(Activity)
I would like the records restated word for word, without the pictures.

(Data for analysis)
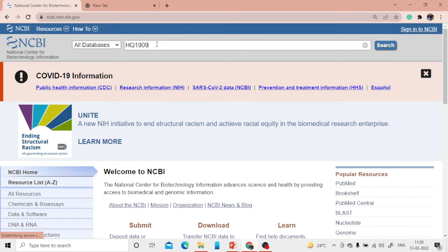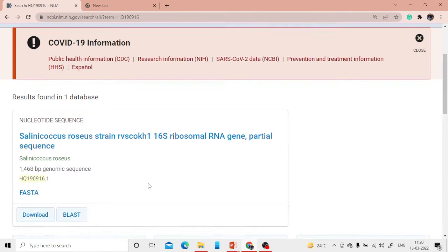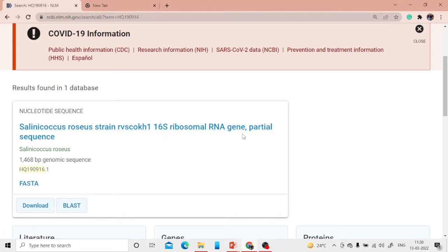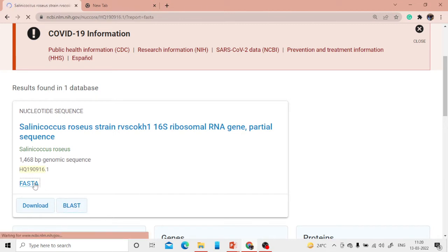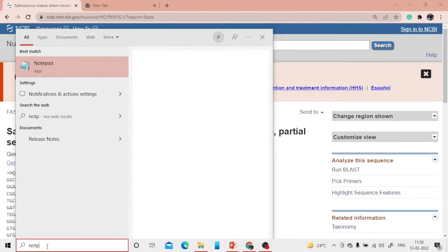The sequence accession number is HQ190916, deposited in NCBI. This is Salinococcus roseus, strain RVSAOKH1, and it is a 16S ribosomal RNA gene — meaning it's DNA. Let me retrieve the FASTA sequence and open Notepad to copy and paste it in FASTA format.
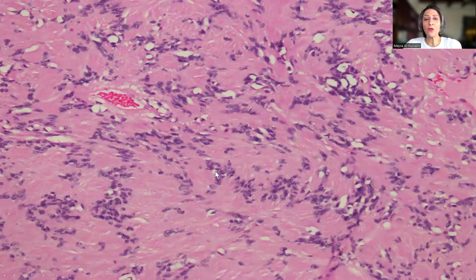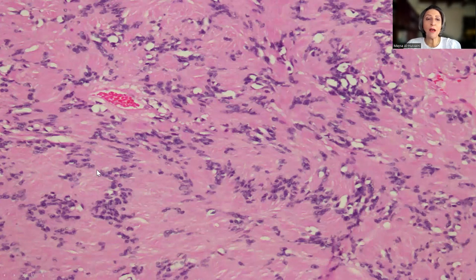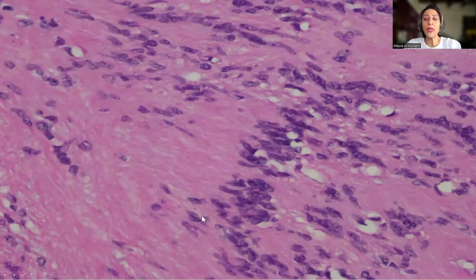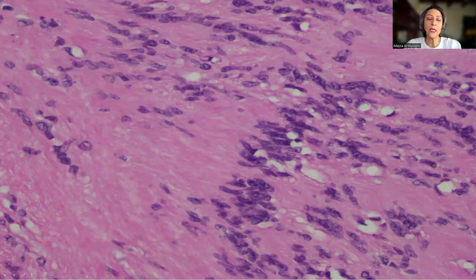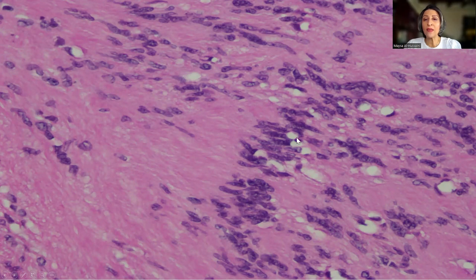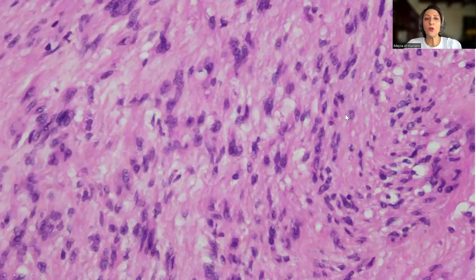Back to the beautiful palisades where we have the palisading of the nuclei, and then we have the fibrillary hypocellular areas in between. Another high-power magnification shows the fibrillarity commonly encountered in neuronal tumors, along with the palisading of the nuclei.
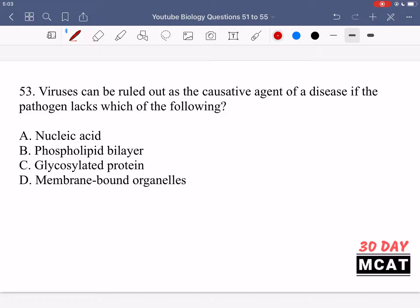In question 53, it says viruses can be ruled out as a causative agent of a disease if the pathogen lacks which of the following. So if a pathogen is lacking a certain component, we can say it's not a virus, because viruses certainly have that component. Option A says nucleic acid — that is the correct answer. Viruses definitely have proteins and some type of nucleic acid, so if no nucleic acid is present, we can rule out a virus.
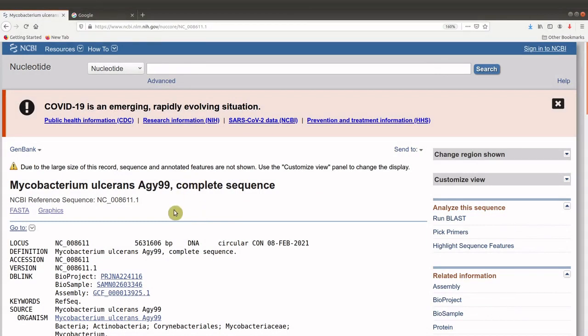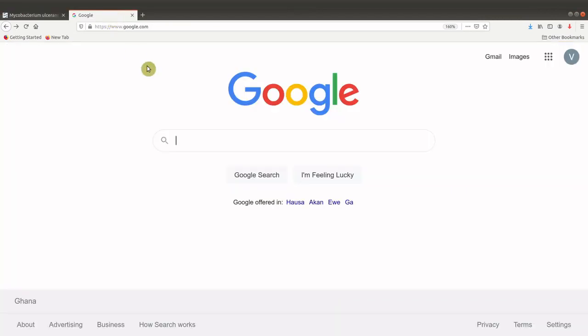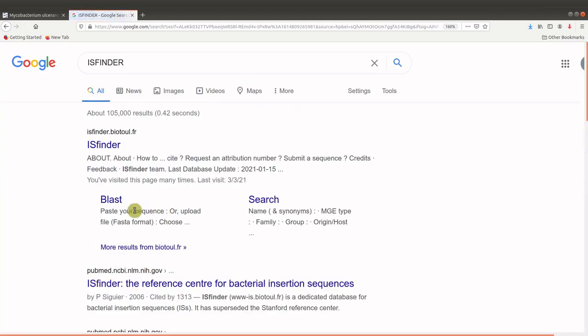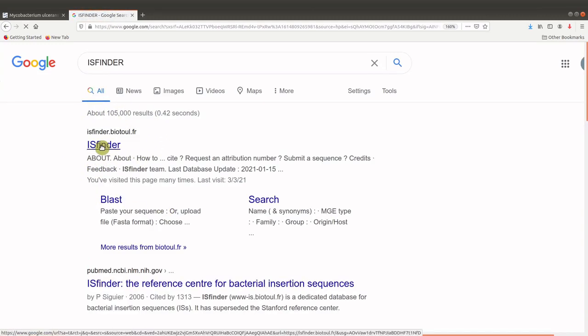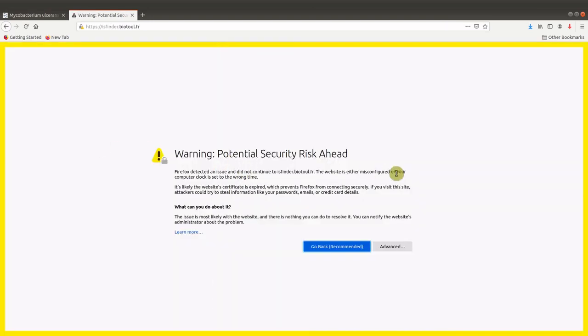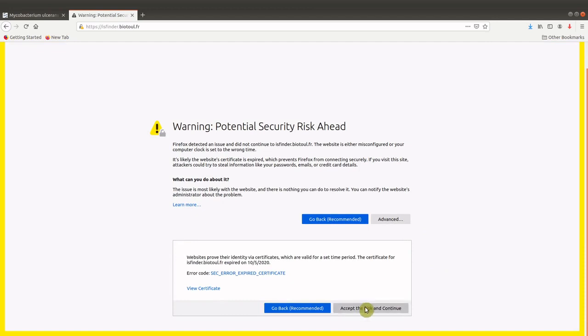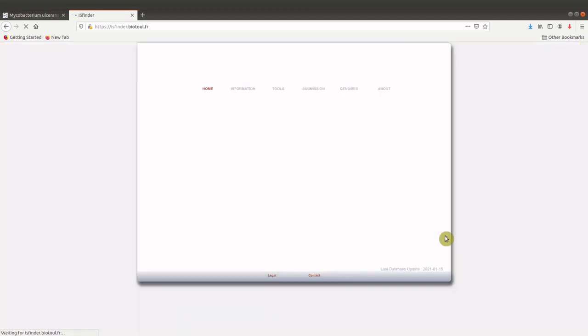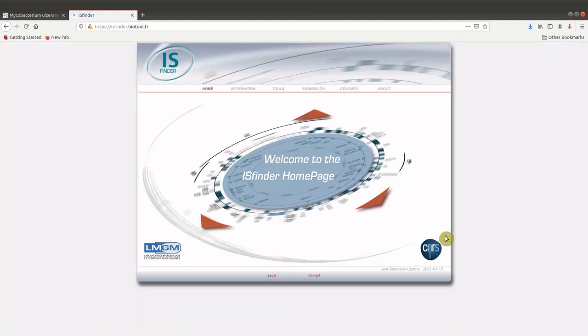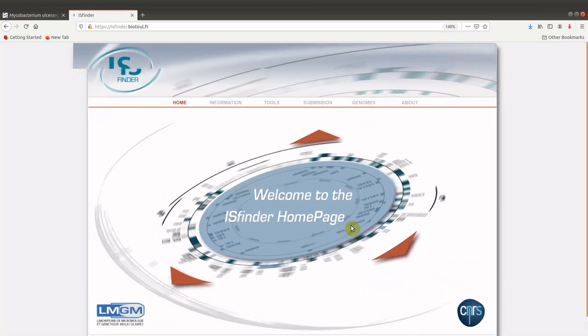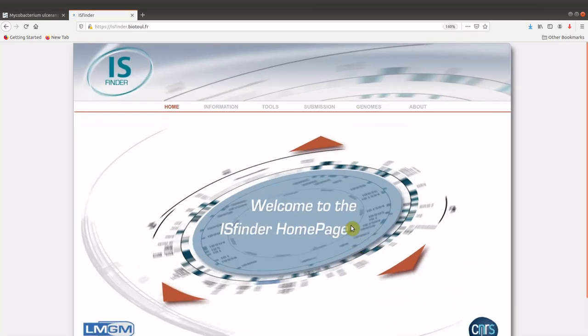Or you have your genome, then you can proceed to the ISFinder. I will Google for the link here. So this is the link for the ISFinder, you will visit that site. This is just a warning I got from the browser I'm using, but I will skip it and go to the ISFinder site because it's a legit website. So this is the homepage for the ISFinder.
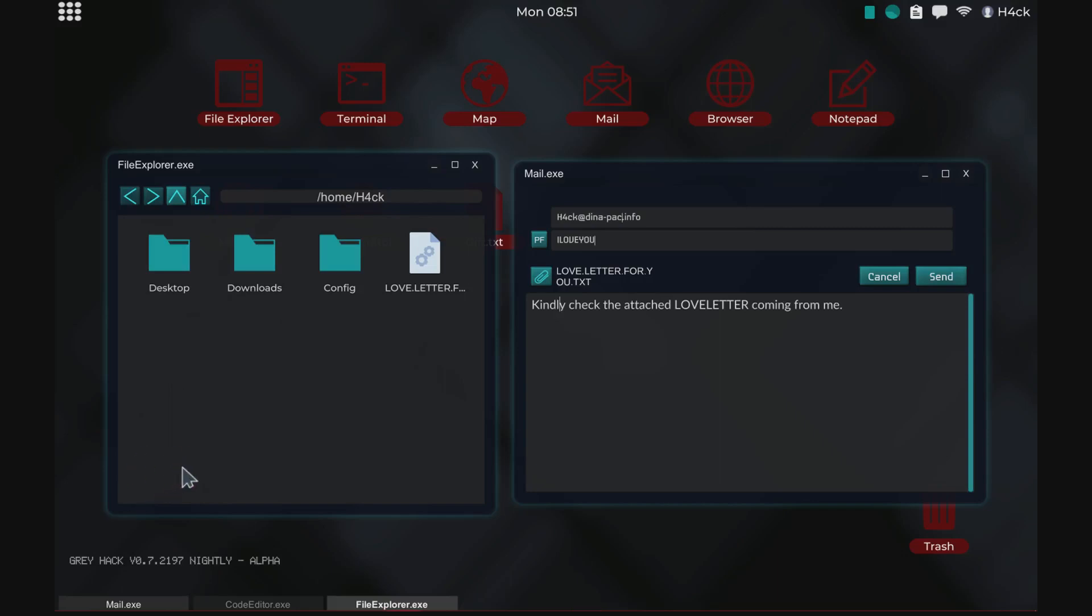Welcome to Recreating Hacks. In this episode we will be recreating the infamous I Love You virus.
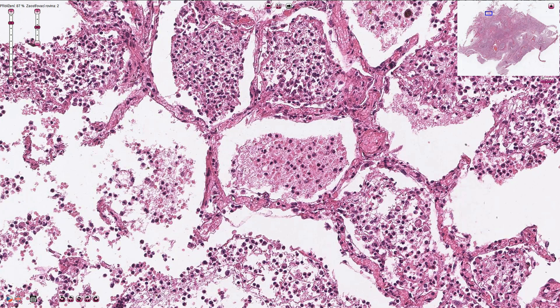We can differentiate two types of pneumocytes. Type 1 pneumocytes are the flat cells lining the alveoli, and type 2 pneumocytes protrude into the lumen of the alveoli. The job of type 2 pneumocytes is to produce surfactant, which keeps the alveoli open and prevents them from collapsing.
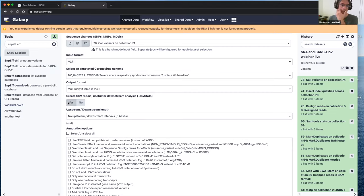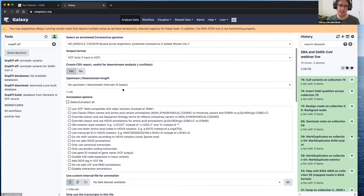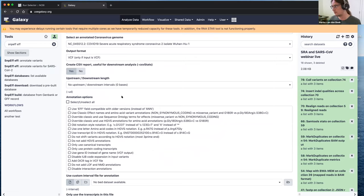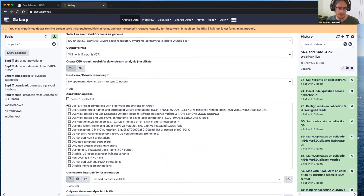The next step is SnpEff, a tool that looks at variants and predicts what effect they actually have. There's a special version just for SARS-CoV-2 that handles the multiple overlapping reading frames in the SARS-CoV-2 genome. As input we select the VCF file we just generated, create a VCF output, and also create a CSV output that we'll use later to generate a summary report. We won't include upstream or downstream intervals, as those are more appropriate for genomic variants from non-viral sequences.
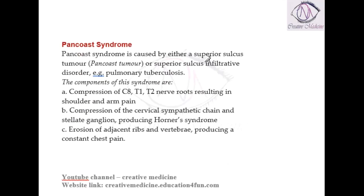Pancoast syndrome is due to a tumor of the lung, or it can be due to inflammation or consolidation on the superior lobe of the lung. Whenever there is a tumor in the superior sulcus, or any disorder in the superior sulcus, this will cause compression of the sympathetic ganglion.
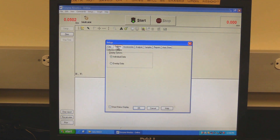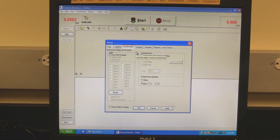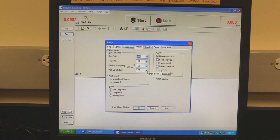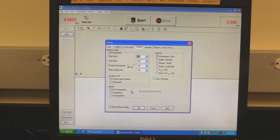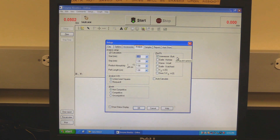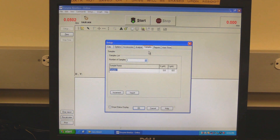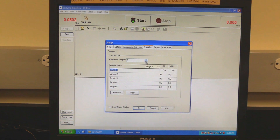Click on the Options tab. Set whether to display data individually or overlay. Click on the Analyze tab. In the V0 calculation, set the parameters used for the calculation. In Analyze Width, set your analysis method. In Model, set the type of enzyme reaction. In Plot Fit, select the desired type of plot. Check the Auto-Calculate box so the software will automatically calculate. Click on the Samples tab to set the desired number of samples. Click the Up arrow to increase or the Down arrow to decrease the number of samples.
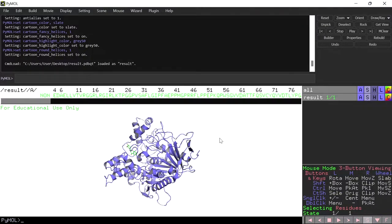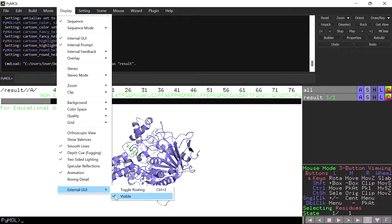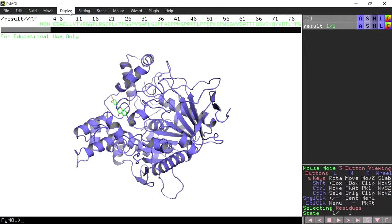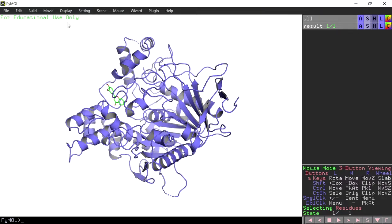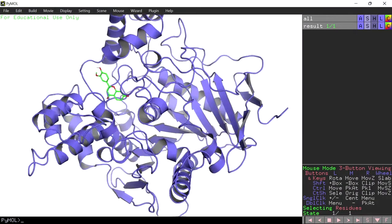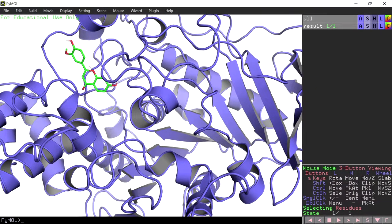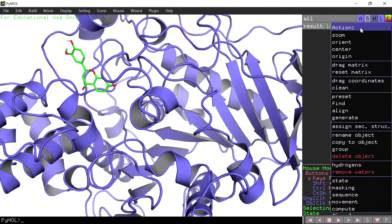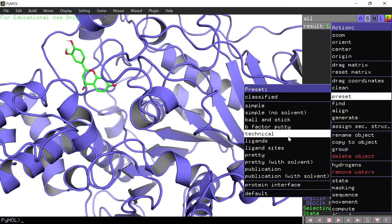Next, let's analyze the AutoDock result. I am going to remove the external GUI to get a better view and also remove the sequence. This file is a protein-ligand complex file which contains the protein along with the docked pose of the ligand. To analyze the interactions, go to the action button next to the corresponding object name, select preset, and then select ligands.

(Result of the task)
The sequence accession number is HQ190916, deposited in NCBI. This is Salinococcus roseus, strain RVSAOKH1, and it is a 16S ribosomal RNA gene — meaning it's DNA. Let me retrieve the FASTA sequence and open Notepad to copy and paste it in FASTA format.
Back to the beautiful palisades where we have the palisading of the nuclei, and then we have the fibrillary hypocellular areas in between. Another high-power magnification shows the fibrillarity commonly encountered in neuronal tumors, along with the palisading of the nuclei.
In question 53, it says viruses can be ruled out as a causative agent of a disease if the pathogen lacks which of the following. So if a pathogen is lacking a certain component, we can say it's not a virus, because viruses certainly have that component. Option A says nucleic acid — that is the correct answer. Viruses definitely have proteins and some type of nucleic acid, so if no nucleic acid is present, we can rule out a virus.
Or you have your genome, then you can proceed to the ISFinder. I will Google for the link here. So this is the link for the ISFinder, you will visit that site. This is just a warning I got from the browser I'm using, but I will skip it and go to the ISFinder site because it's a legit website. So this is the homepage for the ISFinder.
Welcome to Recreating Hacks. In this episode we will be recreating the infamous I Love You virus.
We can differentiate two types of pneumocytes. Type 1 pneumocytes are the flat cells lining the alveoli, and type 2 pneumocytes protrude into the lumen of the alveoli. The job of type 2 pneumocytes is to produce surfactant, which keeps the alveoli open and prevents them from collapsing.
The next step is SnpEff, a tool that looks at variants and predicts what effect they actually have. There's a special version just for SARS-CoV-2 that handles the multiple overlapping reading frames in the SARS-CoV-2 genome. As input we select the VCF file we just generated, create a VCF output, and also create a CSV output that we'll use later to generate a summary report. We won't include upstream or downstream intervals, as those are more appropriate for genomic variants from non-viral sequences.
Pancoast syndrome is due to a tumor of the lung, or it can be due to inflammation or consolidation on the superior lobe of the lung. Whenever there is a tumor in the superior sulcus, or any disorder in the superior sulcus, this will cause compression of the sympathetic ganglion.
Click on the Options tab. Set whether to display data individually or overlay. Click on the Analyze tab. In the V0 calculation, set the parameters used for the calculation. In Analyze Width, set your analysis method. In Model, set the type of enzyme reaction. In Plot Fit, select the desired type of plot. Check the Auto-Calculate box so the software will automatically calculate. Click on the Samples tab to set the desired number of samples. Click the Up arrow to increase or the Down arrow to decrease the number of samples.
Next, let's analyze the AutoDock result. I am going to remove the external GUI to get a better view and also remove the sequence. This file is a protein-ligand complex file which contains the protein along with the docked pose of the ligand. To analyze the interactions, go to the action button next to the corresponding object name, select preset, and then select ligands.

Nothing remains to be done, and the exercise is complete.